口に轡をされ、手足をエナジーのロープで縛られた綾水の姿がそこにあった。ザイシャスに担ぎ込まれて、リビングに投げ出される。
「んっ!」
ブレスレットは奪われ、変身は解かれ。当然に全裸で。
「『勝った』。……取り敢えず、目標達成だ。ふたりとも、よくやってくれた」
「…………ぐ! ……俺の腕1本と引き換えにな」
「そこは、ちっ。必要経費だと思うしかないな。痛てて……」
よろよろと立ち上がる、クルム。ソファにどさりと、深く腰掛けた。
「……ふぅ。いやあ、疲れたね」
「普通のエナリアでこれだ。……ストームフォームはナギ様レベルだろ? 勝てるのか? クルム」
「フフン。それはまあ、また今度話すよ。今は……ちょっと。お風呂と、ご飯と、睡眠だ。快復に専念しよう」
「こいつは?」
「しばらくここで放っておこう。殺したり犯したりしないようにね。これから利用するんだから」
「…………了解だ」
「…………!」
綾水は彼らを睨むが、身体は動かない。こちらもエナジーを使い果たし、さらにブレスレットを奪われた。もうただの、19歳の人間である。

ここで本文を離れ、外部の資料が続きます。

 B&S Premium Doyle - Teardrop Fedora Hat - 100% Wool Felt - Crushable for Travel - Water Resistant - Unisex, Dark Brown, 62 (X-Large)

「……気を引き締めないとね。『ストームフォーム』だけじゃない。『リースス・レーニス』も、勿論『ナギ』姫も。この子より強いんだ」
♡
3代目エナリア『エナジーシューター』北城治綾水が失踪して、6時間が経過した。
「咲枝! どうだ?」
「……
「分からないディ。こんなこと……っ」
もう日付が変わる。あの後一日中、都内を飛び回って探していた咲枝。
「ありえへんやろ……。何があったんや」
「アヤミ……」
連絡が付かない、どころか。スマホをGPSでも追えない。何も痕跡が無い。目撃者も居ない。
「……
「ああ。確認が取れた。女性隊員だ。他の隊員に訊いても、特に変わった様子は無かったとのことだが……」
空石と通話しながら、送られてきた隊員の写真を見る。
「綾水を連れてった子ぉや。『ちょっと良いですか?』言うて。普段から仲良さそうや思たで? 『綾水さん』呼んどったし」
「…………彼女ごと巻き込まれたか、彼女が既に敵の手の者だったか」
「…………ナギか?」
「……分からん。まだ何も、断定はできないな。一度戻ってこい咲枝。三木から話があるそうだ」
「了解や」
通話を終えて、再度、振り返って夜の街を一望する。
「……綾水」
一体何が起きているのか。咲枝は歯を食い縛りながら、本部へ戻った。
♡
「ナギ女王と連絡が取れた。『人間界へ派遣していた斥候との連絡は途絶えていた』と」
「!」
会議室にて。三木がそう言った。
「アタシのブレスレットパクった奴やな」
「だろうな。名はザイシャス。そして、グリフトという幹部もこっちに居るらしい。ナギ女王は人間界から戻ってすぐに帰還命令を出したが、無視している状況だ」
「…………ザイシャス」
ここで初めて知る、憎き敵の名前。咲枝は拳を握り締めた。
「十中八九、そのザイシャス達の仕業だろう。いや、そう仮定して動いた方が賢明だ。能力などの情報をナギ女王に申請した。一応、カルマ自体は人間界に協力的だ」
「まあ、これで恨み買って攻められたら滅ぶもんな。……ナギ自身はこっち来られへんのか?」
「それは分からない。ウインディアでも今、色々とゴタゴタしているようだ」
「…………これから、そのウインディアへ行こう言う時に」
咲枝は、努めて冷静であろうとしていた。取り乱したい。叫びたい。怒りたい。そんな感情を無理矢理抑え付けて、言葉を紡ぐ。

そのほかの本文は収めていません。